Par la suite environ 400 F-86D furent transformés en F-86G, dotés du même AN/APG-37 mais conservant le panier à roquettes. La production se termina avec le F-86L, destiné aussi bien aux Américains qu’à leurs alliés, et très proches des F-86K, mais dotés d’une avionique modernisée. Certains F-86L conservaient néanmoins les roquettes de 70mm. La production totale du Sabre Dog s’éleva à 2850 exemplaires, prototypes et exemplaires de présérie inclus.

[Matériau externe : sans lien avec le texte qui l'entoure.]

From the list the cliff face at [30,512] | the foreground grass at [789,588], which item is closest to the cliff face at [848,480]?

Le principal utilisateur de l’avion fut bien entendu l’US Air Force qui fit voler ses F-86D lors de la Guerre de Corée, notamment en remplacement des North American F-82G. Plusieurs d’entre eux furent engagés contre des MiG-15, et en février 1953 deux Sabre Dog devinrent les premiers chasseurs à réaction à abattre un autre chasseur à réaction, en l’occurrence un Fagot, de nuit, uniquement grâce au radar, sans vision directe. La chasse tout-temps était devenue une réalité palpable. Par la suite les Sabre Dog furent rapatriés aux USA et servirent à la défense aérienne du territoire notamment au sein des unités de l’Air National Guard. Finalement le dernier exemplaire fut retiré du service en 1963, laissant définitivement la place aux Convair F-106A.

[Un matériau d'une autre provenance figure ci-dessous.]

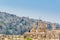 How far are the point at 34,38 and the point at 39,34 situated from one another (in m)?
2.09

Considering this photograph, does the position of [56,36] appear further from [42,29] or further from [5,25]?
[5,25]

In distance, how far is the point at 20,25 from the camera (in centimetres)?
16688

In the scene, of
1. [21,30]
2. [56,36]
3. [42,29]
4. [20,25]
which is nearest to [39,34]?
A: [42,29]

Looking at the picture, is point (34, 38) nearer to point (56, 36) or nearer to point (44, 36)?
point (44, 36)

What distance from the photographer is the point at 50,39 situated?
50188 mm

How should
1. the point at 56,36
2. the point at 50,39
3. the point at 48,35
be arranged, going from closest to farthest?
the point at 56,36 → the point at 50,39 → the point at 48,35

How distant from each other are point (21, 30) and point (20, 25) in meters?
11.9

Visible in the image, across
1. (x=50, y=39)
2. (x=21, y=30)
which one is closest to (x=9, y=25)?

Mais le Sabre Dog marqua profondément la chasse au sein des forces de l’OTAN. Ainsi des exemplaires volèrent sous les cocardes allemandes, coréennes (du sud), danoises, françaises, grecques, hollandaises, honduriennes, italiennes, japonaises, norvégiennes, philippines, taïwanaises, thaïlandaises, turques, venezuliennes, et même yougoslaves.
Dans l’Armée de l’Air, ce sont 62 Fiat F-86K qui furent utilisés par les EC1/13, 2/13, et 3/13, durant seulement un an et demi entre 1956 et 1957. Ces avions furent notamment employés en Algérie dans des missions de défense aérienne contre les avions espions déployés par les Soviétiques, et pour contrer les avions-cargos ravitaillant en armes la résistance du FLN. Au sein de la Luftwaffe, ce sont 88 F-86K qui servirent durant onze mois en 1957/1958 au sein de la JG-74 pour des missions de défense aérienne.
Il est à remarquer que la Yougoslavie du maréchal Tito était un état marxiste allié de l’URSS mais faisant massivement appel au matériel américain. En effet Belgrade et Washington-DC entretenaient d’excellentes relations diplomatiques, même si les Américains savaient pertinamment qu’une partie des aéronefs livrés à ce pays, se retrouvait tôt ou tard dans les centres d’essais soviétiques. Ainsi ce sont 130 F-86D ex-USAF qui furent utilisés par la Yougoslavie entre 1962 et 1974. A cette époque ce chasseur n’était plus secret du tout, et les Américains pouvaient bien courir le risque d’en voir tomber quelques uns entre les mains des ingénieurs russes.
Au final le Sabre Dog est souvent considéré comme un excellent chasseur de transition, mais force est de constater qu’il représente une part importante de l’histoire aéronautique américaine de la Guerre Froide. Aujourd’hui un exemplaire est préservé dans le hall de la cocarde du Musée de l’Air et de l’Espace du Bourget.